Toronto marks third anniversary of deadly mass shooting on Danforth
TORONTO -- The Danforth community came together Thursday evening for a commemoration ceremony to mark the third anniversary of the mass shooting on the Danforth that left two people dead and more than a dozen injured.
People gathered at Withrow Park and placed flowers under two trees that were planted in honour of 10-year-old Juliana Kozis and 18-year-old Reese Fallon.
They were killed on the night of July 22, 2018, when a gunman opened fire at people sitting on restaurant patios and walking along Danforth Avenue in the heart of Greektown.
After a short exchange of gunfire with two responding officers, the shooter, 29-year-old Faisal Hussain, was found dead from a self-inflicted gunshot wound on a side street near Logan and Danforth avenues.
The shooting also wounded 13 others.
Mayor John Tory attended the ceremony and said the shooting "tore at the very fabric of a city that considered itself safe."

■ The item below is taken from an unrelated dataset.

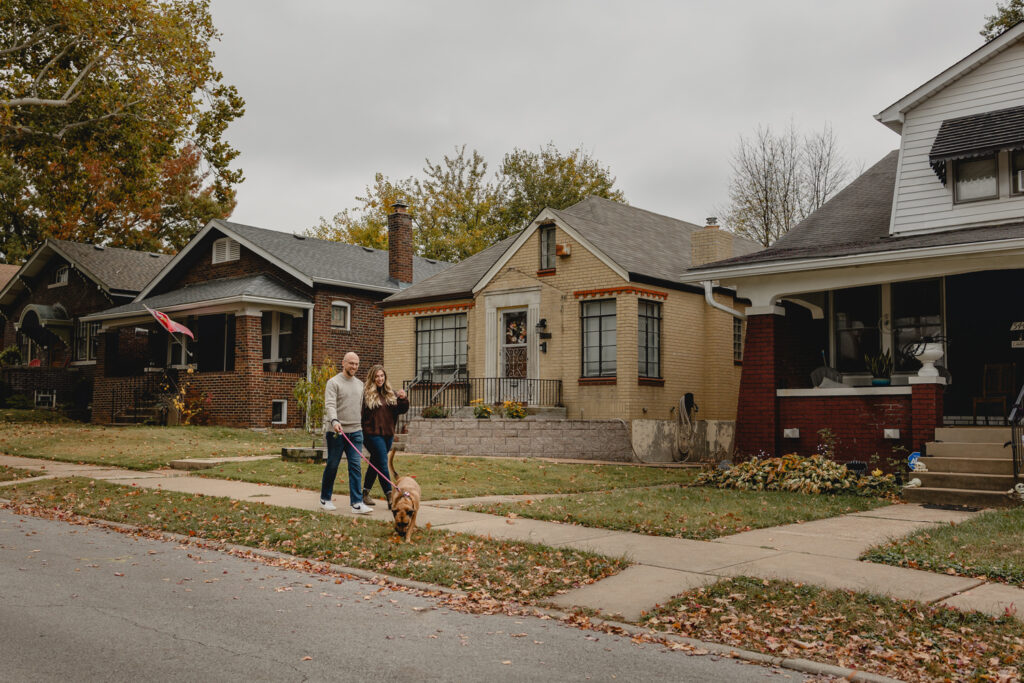 side shot of couple walking their dog on a leash on the sidewalk of a classic St. Louis South City-style neighborhood  with small unique brick homes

"I think it really may be steeled the resolve of Torontonians, to say, well, we're going to work harder to keep a safe city, to address mental health issues, to address gun-related issues in terms of the prevalence of guns even here where we have pretty strict gun control," the mayor said.
Thursday's ceremony was subdued at the request of the victims' families. Tory said healing continues for all of those impacted by the shooting.
"Three years later, for those families, it is not going to be anywhere near enough to have the healing be complete. And so, we're here now just to lay a flower and just have a quiet remembrance," Tory said.
Ken Price, whose daughter, Samantha, was injured in the shooting, said the ceremony was extremely emotional.
"It was nice that the city did something to bring us together. It was hard to do," Price said. "I think it's also amazing how quickly time has gone by. The three years -- it feels like it was just happening."
He said that her daughter had been able to overcome her injuries.
"She's been able to go on to university … and to move on somewhat. But you know, it's not something you ever overcome completely. It's something you live with," Price said.
Since the shooting, Price and other families have created the group Danforth Families for Safe Communities that advocates for stricter gun control in Canada.
Price said the group will continue to raise the issue until changes are made.
"This is a long debate in this country. For some reason, guns bring out all kinds of emotions," he said. "This is an issue that needs to be solved on a national basis."
"So, we urge the government to act, and we hope they will."
Ali Demircan, who was injured in the shooting, was having coffee with friends when the gunfire started.
Speaking to CP24 on Thursday, he said he tried to help Reese Fallon after the shots rang out.
“It was a nightmare,” he said of the devastation that unfolded on that day.
“Three years (have) past and every single second (is) still in our memories.”
Julie Dabrusin, the Member of Parliament for Toronto-Danforth, said in addition to remembering the victims, the community will also use the anniversary to acknowledge the bravery of people in the community who came together to assist victims during the shooting.
“Today is a big day for our community. It is a very emotional day, a day when we remember a really difficult time we had, the people we lost, the people who were injured. But also the strength. You saw Danforth Strong,” she said.
“There were people who opened their doors to people who were running for safety. There were people who ran out of their homes to help people so also maybe (this is) a moment to reflect on that strength in the community.”
The Toronto sign in Nathan Phillips Square was dimmed in honour of the victims.